§ WHAT TO WORK ON
For this task, output exactly the lines of the material below starting at the line with "Yeti Stiefel-Sneaker Schwarz" and ending at the line with "4 bedrooms, in-room"; pictures are to be excluded.

*** Opening DATASET RECORDS ***

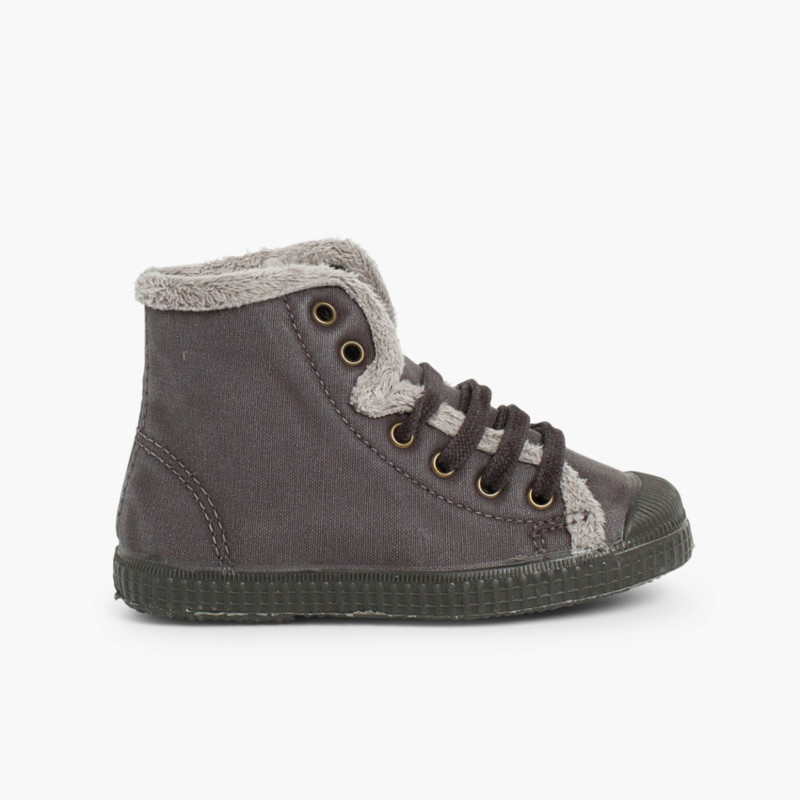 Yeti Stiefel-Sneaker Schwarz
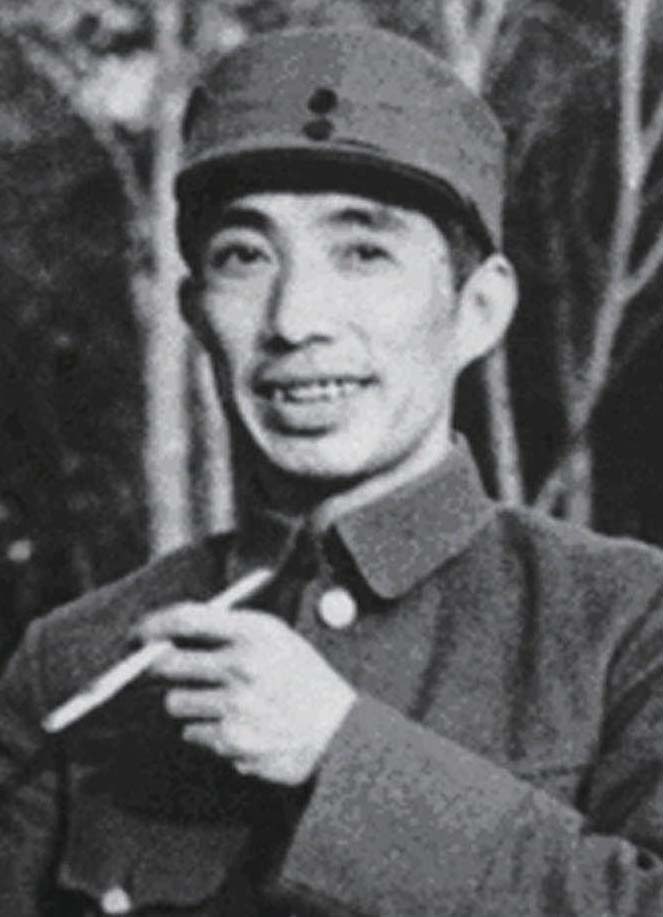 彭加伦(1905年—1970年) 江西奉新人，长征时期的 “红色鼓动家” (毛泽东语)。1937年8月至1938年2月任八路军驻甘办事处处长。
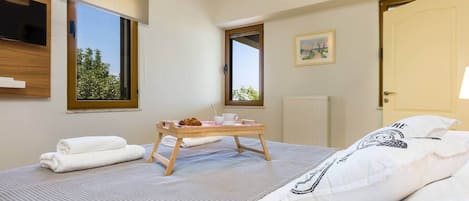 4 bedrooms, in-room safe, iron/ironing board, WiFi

*** Closing DATASET RECORDS ***
*** Opening DATASET RECORDS ***

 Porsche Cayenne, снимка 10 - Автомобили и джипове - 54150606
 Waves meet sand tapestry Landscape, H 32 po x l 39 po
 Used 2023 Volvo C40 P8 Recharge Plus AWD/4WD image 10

*** Closing DATASET RECORDS ***

§ RESULT BELOW
 Yeti Stiefel-Sneaker Schwarz
 彭加伦(1905年—1970年) 江西奉新人，长征时期的 “红色鼓动家” (毛泽东语)。1937年8月至1938年2月任八路军驻甘办事处处长。
 4 bedrooms, in-room safe, iron/ironing board, WiFi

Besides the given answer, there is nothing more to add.